It's a funny thing, this whole Christmas pavlova. In itself it is a wonderful thing, hope-filled and hope-fuelled. We have Baybee Jeezuss, Lickel Donkay and Mairee and Joziff. We have many pies-a-mincing, much wine-a-mulling, considerable alpine trees-a-dropping, the prospect of a good number of under-cooked turkeys-a-poisoning, and much much more. I love Christmas, for all the right reasons, for how it makes me feel like a kid again, for the theological and scriptural stuff - Crimbo ticks all the boxes.
Until I step outside of my front door.
Only in December do humans turn into slavering animals. Only in December do ordinarily friendly folk turn, as if by magic, into red-eyes fire-starters. The fury in the High Street is palpable, where manners and decency are not, manifestly absent as they seem to be. Smiling folk are now grimacing folk. Oh the pressure we pile upon ourselves ...
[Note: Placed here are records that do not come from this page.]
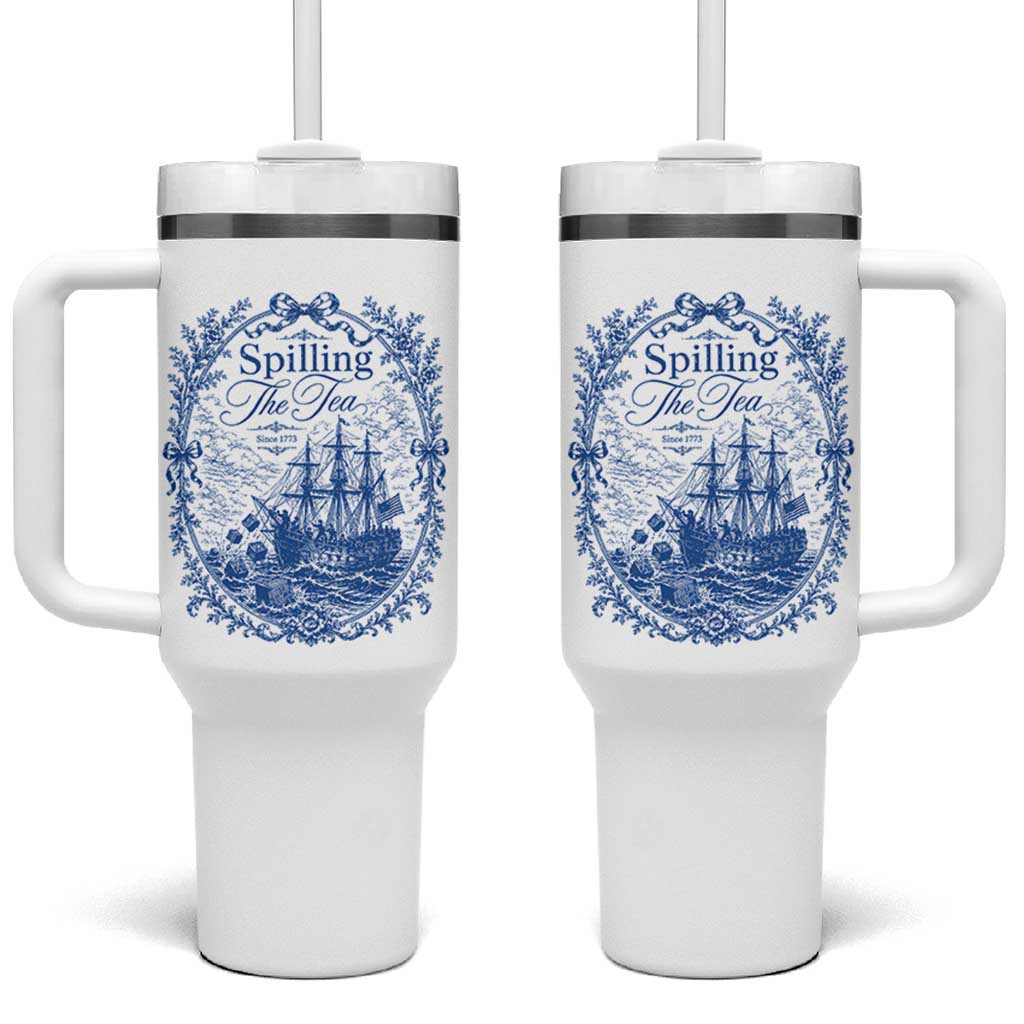 Spilling The Tea Since 1773 Boston Tea Party Tumbler With Handle Funny Historical Toile Graphic American History Humor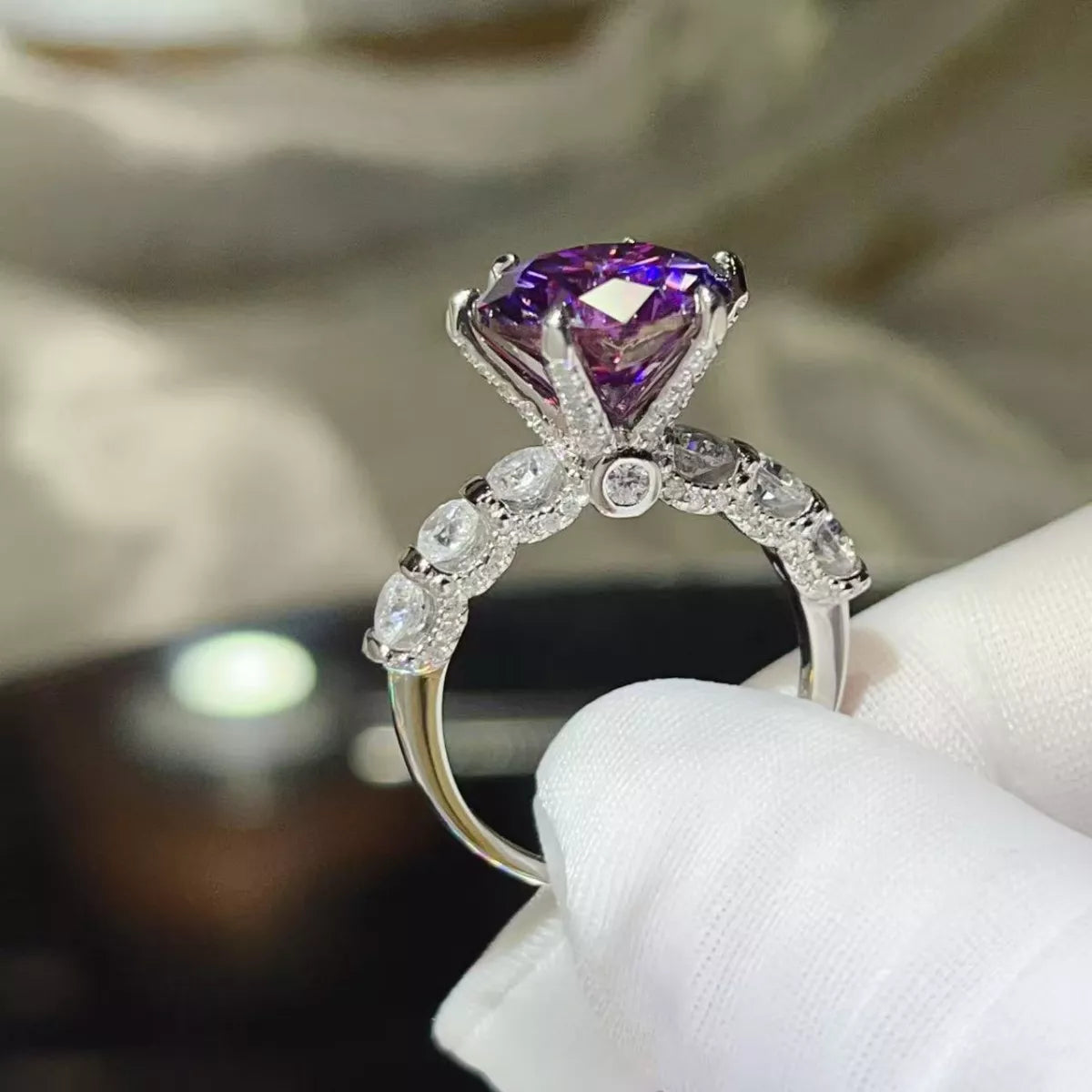 5 Carat Moissanite 6-Prong Sterling Silver Ring in Silver - women's ring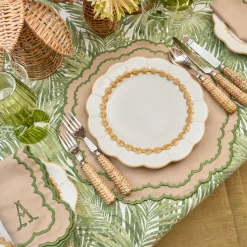 Summer Table Linen | Placemats<Mrs. Alice Edith Sand & Green Placemats (Set of 4)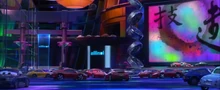 Cinco Ferraris rojos que aparecen simultáneamente en Cars 2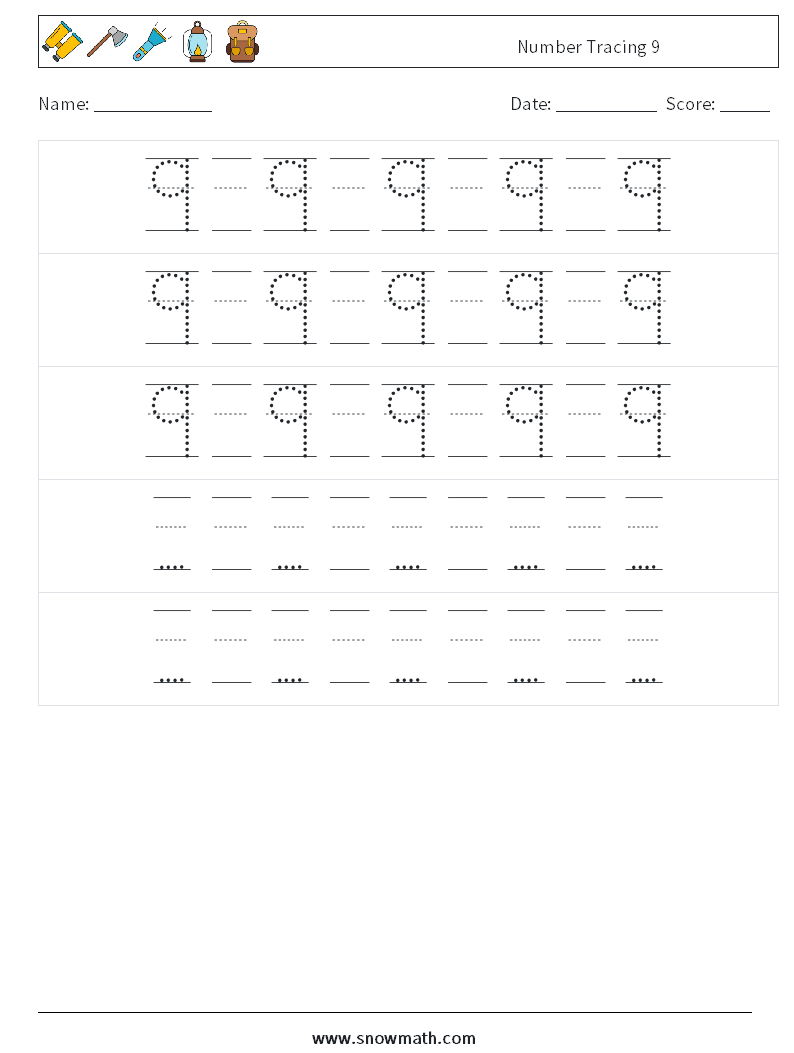 Number Tracing 9 Math Worksheets 24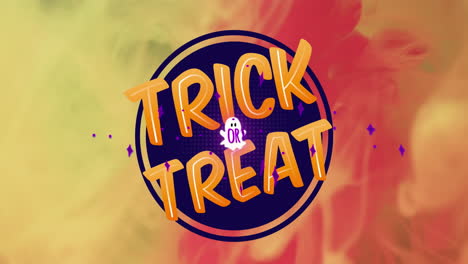 Animation-of-trick-or-treat-text-and-ghost-over-orange-smoke-background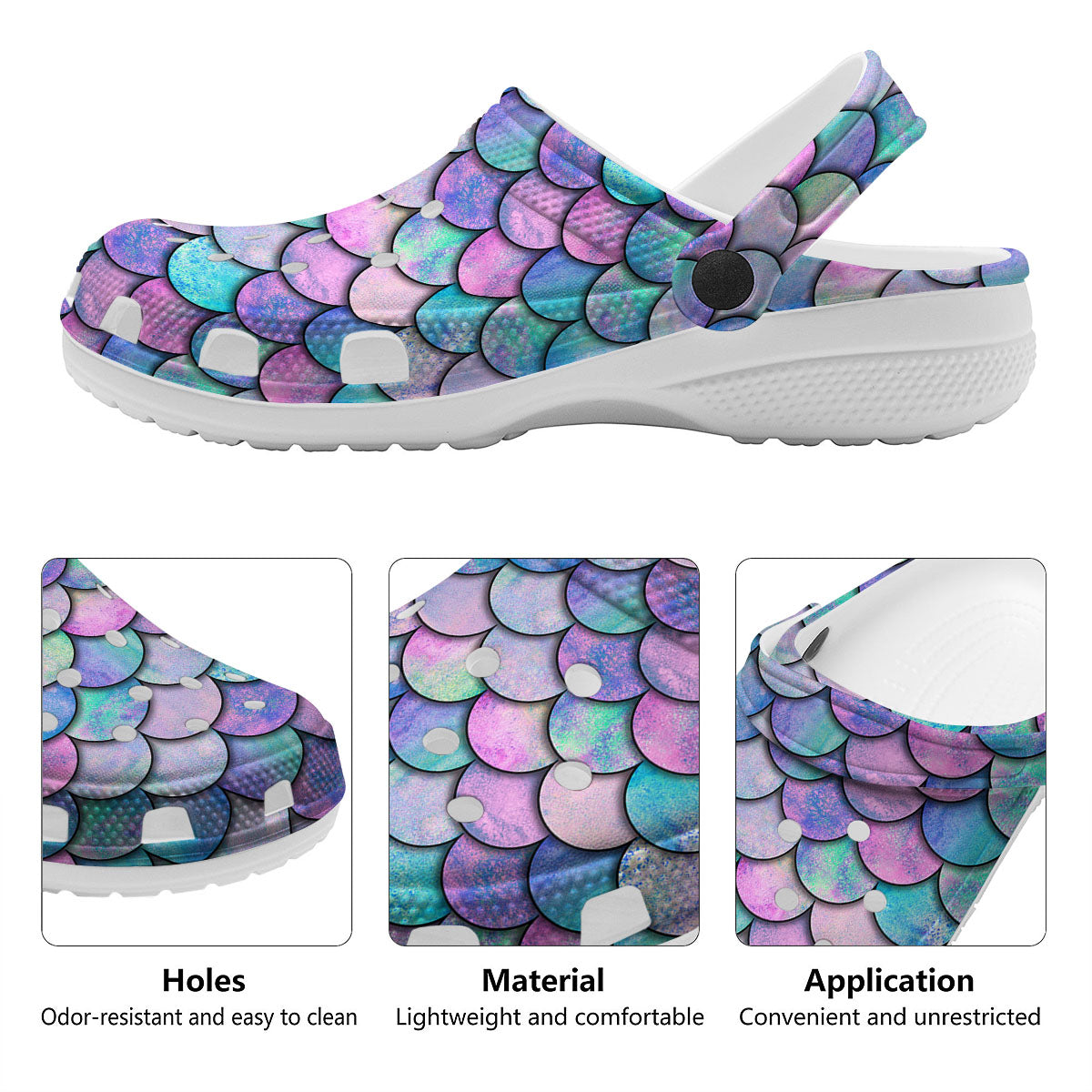 Mermaid Scales Pink And Teal Print Pattern Clog-grizzshop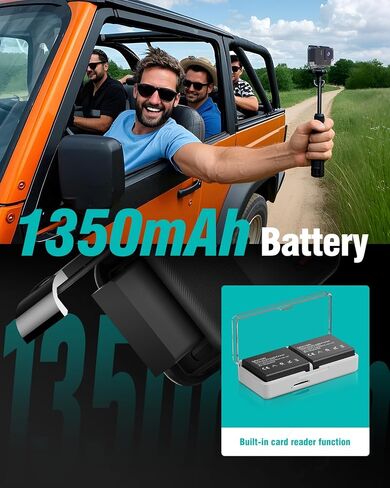 4K60fps Waterproof Action Camera- Bare Metal Underwater 10M with 64G SD Card, HD 48MP Touchscreen Sports 6-Axis Stabilization,8X Zoom Underwater Camera Snorkeling with Helmet Accessories in Kuwait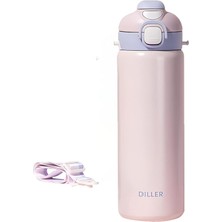 700ML Tek Kapak Çift Kullanım Pipetli/pipetsiz Askılı Çelik Su Matarası 6 Saat Sıcak/soğuk (Pudra)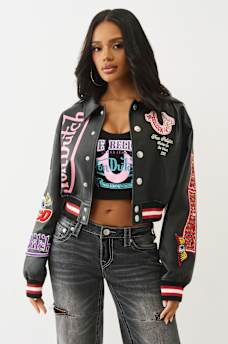 TRUE RELIGION X VON DUTCH SHRUNKEN VARSITY JACKET, image 6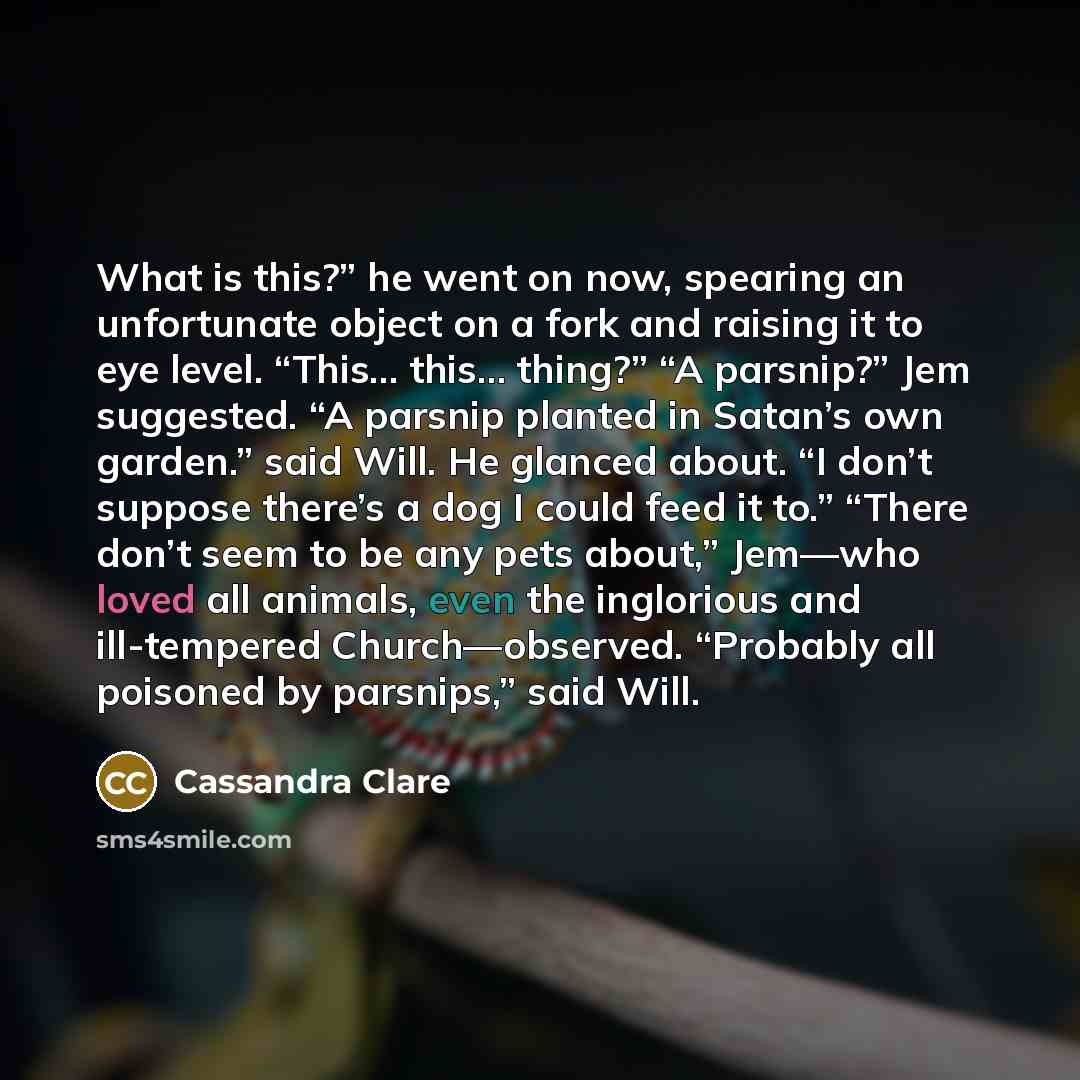 “What is this?” he went on now, spearing an unfortunate…” quote by Cassandra Clare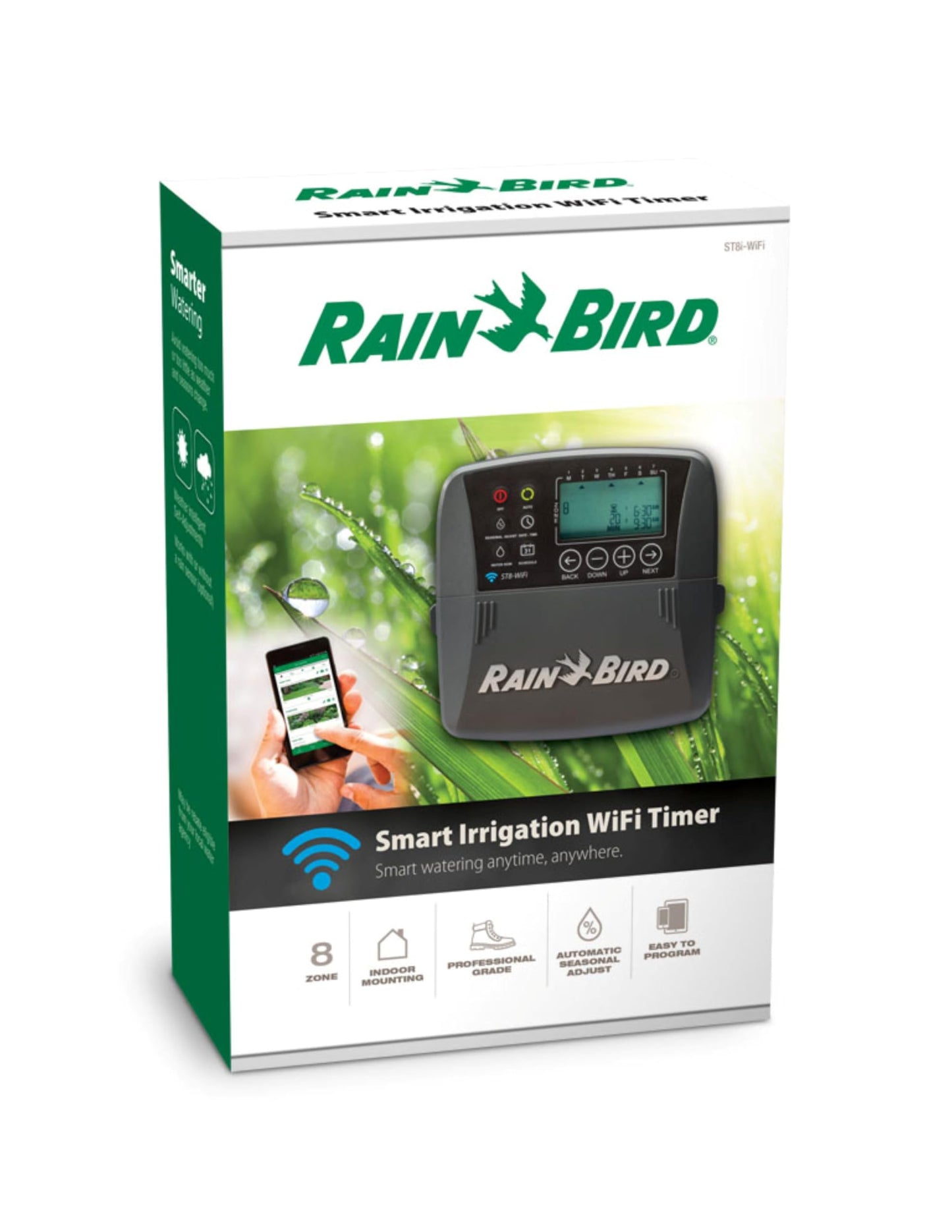 Rain Bird ST8O-2.0 Smart Indoor/Outdoor WiFi Sprinkler/Irrigation System Timer/Controller, WaterSense Certified, 8-Zone/Station, Compatible with Amazon Alexa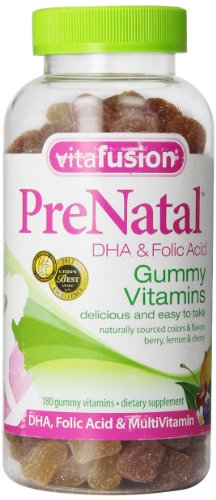 Vitafusion Prenatal DHA and Folic Acid Gummy Vitamins, 180 Count- Assorted Flavors May Vary Vitafusion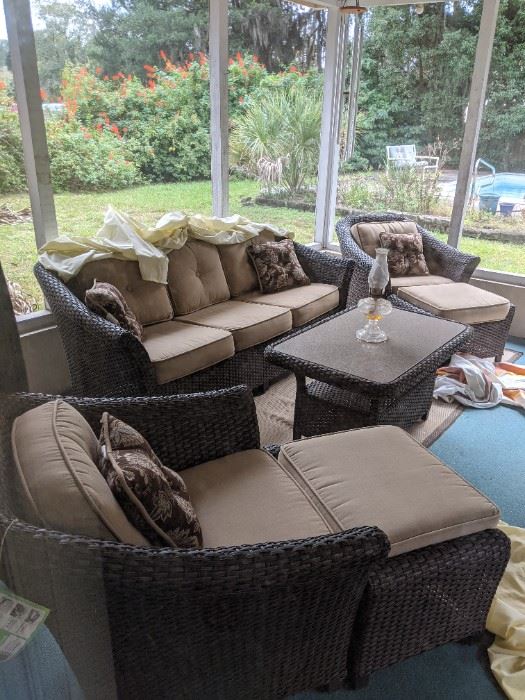 Part of the large grouping of Sunbrella patio furniture offered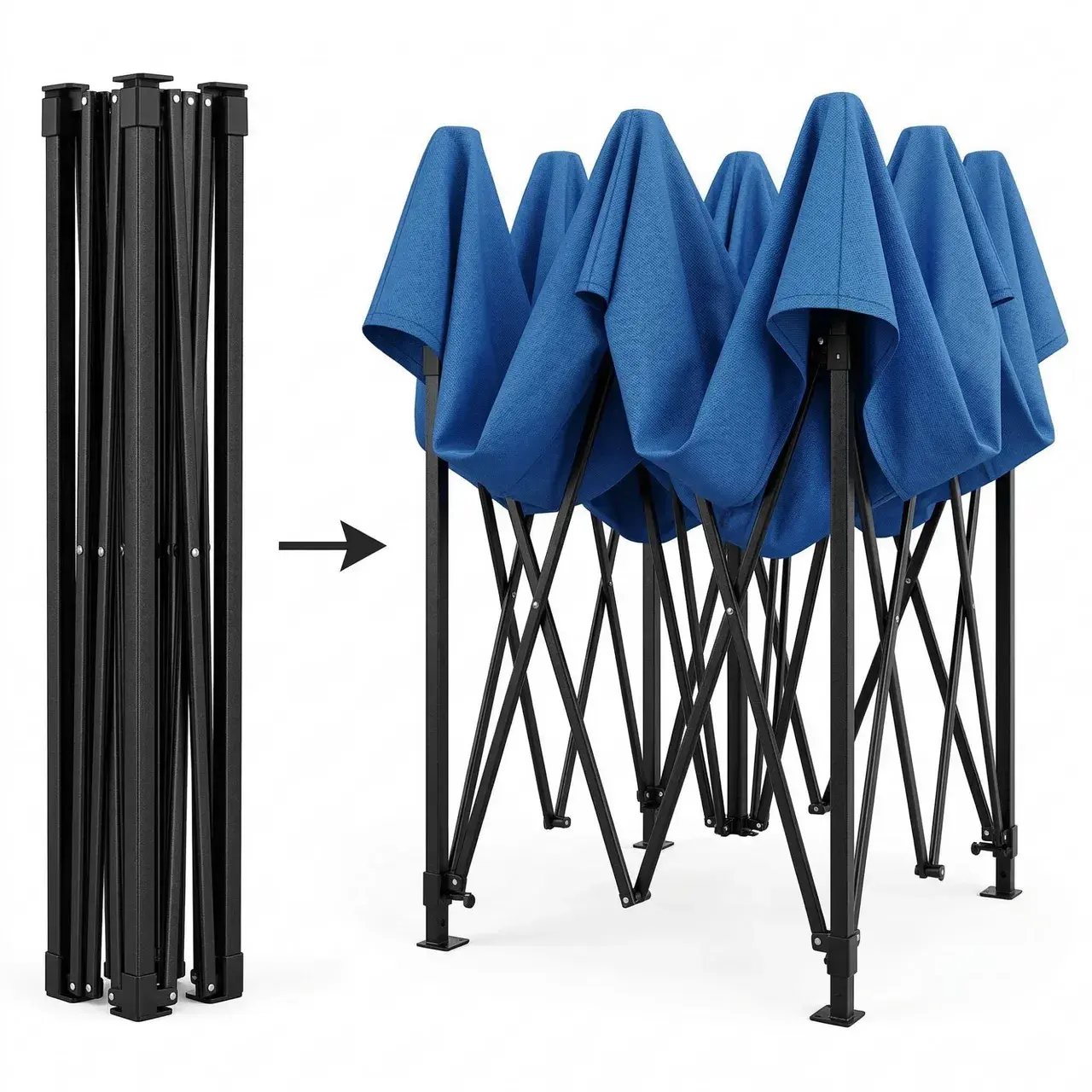 Cort Pavilion 3x3m, Cadru Metal Pliabil Ranforsat, Acoperis 420D 280gram/mg PVC Polyester Oxford pentru Curte, Gradina, Evenimente, Albastru (4)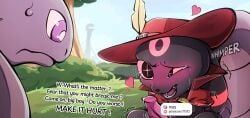 absurd_res anthro arbok bodily_fluids boolu_(ttux3) cape clothing crying dark_body dark_fur dialogue eeveelution fur generation_1_pokemon generation_2_pokemon genital_fluids hat headgear headwear heart_symbol hi_res mostly_nude nintendo outside_sex pokemon pokemon_(species) precum saliva saliva_string sex size_difference smile tears tears_of_pleasure ttux3 umbreon whimper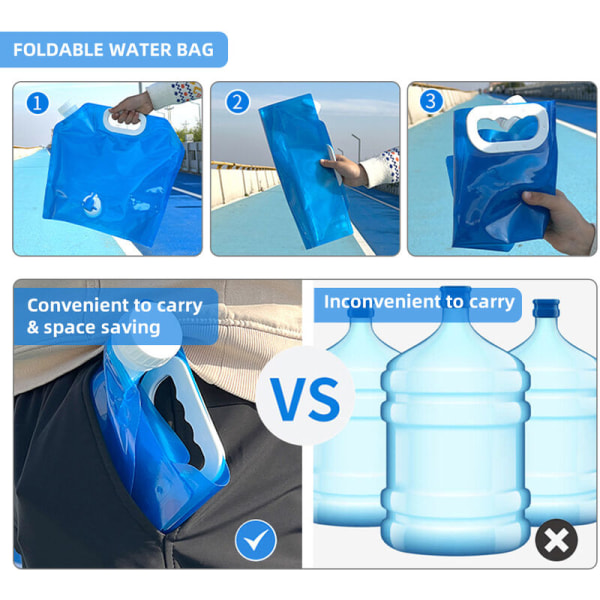 10L bærbar sammenfoldelig vandopbevaringspose med ventil, 2 styk / 4 styk, Blå 2 styk - Blå 2 styk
But I am not immune, oh no. I was in a card shop in the very deliberate act of making a purchase of, well, a card, when I discovered not a single card with Baybee Jeezuss, or even a Joziff for that matter. I could have bought a ton of cards that celebrate that beast of yuletide - the Robin (not that a day throughout the year passes in my garden when I don't see them - which means that a card featuring a grey squirrel would be just as appropriate). This card shop was in the parish of this here religious blogger, Vicar, eejit. I WANT A BAYBEE JEEZUSS, FOOL! But rather than let those words slip out, I simply asked, in a wan wet English defeated way "Do you have any religious cards for Christmas?" to which the reply from a very solid looking woman was "No, mate". I left, when perhaps I should have jumped up on to her counter and mounted a protest and chained my Adonis body to her Epson till. Instead a frowned like a man retaining flatulence
I ought to say, though, that I have seen another side to Christmas this year, apart from that represented above. I have seen my little church full over and over in recent days. I have welcomed people back who had scarpered years ago. I have welcomed people who have never been before. The locals say that numbers are up, and that is great. But not as great as just sitting on my Throne and just reveling in being the Vicar for the first time at Christmas. I have hardly done a thing, the crowd have - but I am like a pig in mud at the moment. Christmas couldn't be any better than that (until I go home to be with the kids when it then improves even more).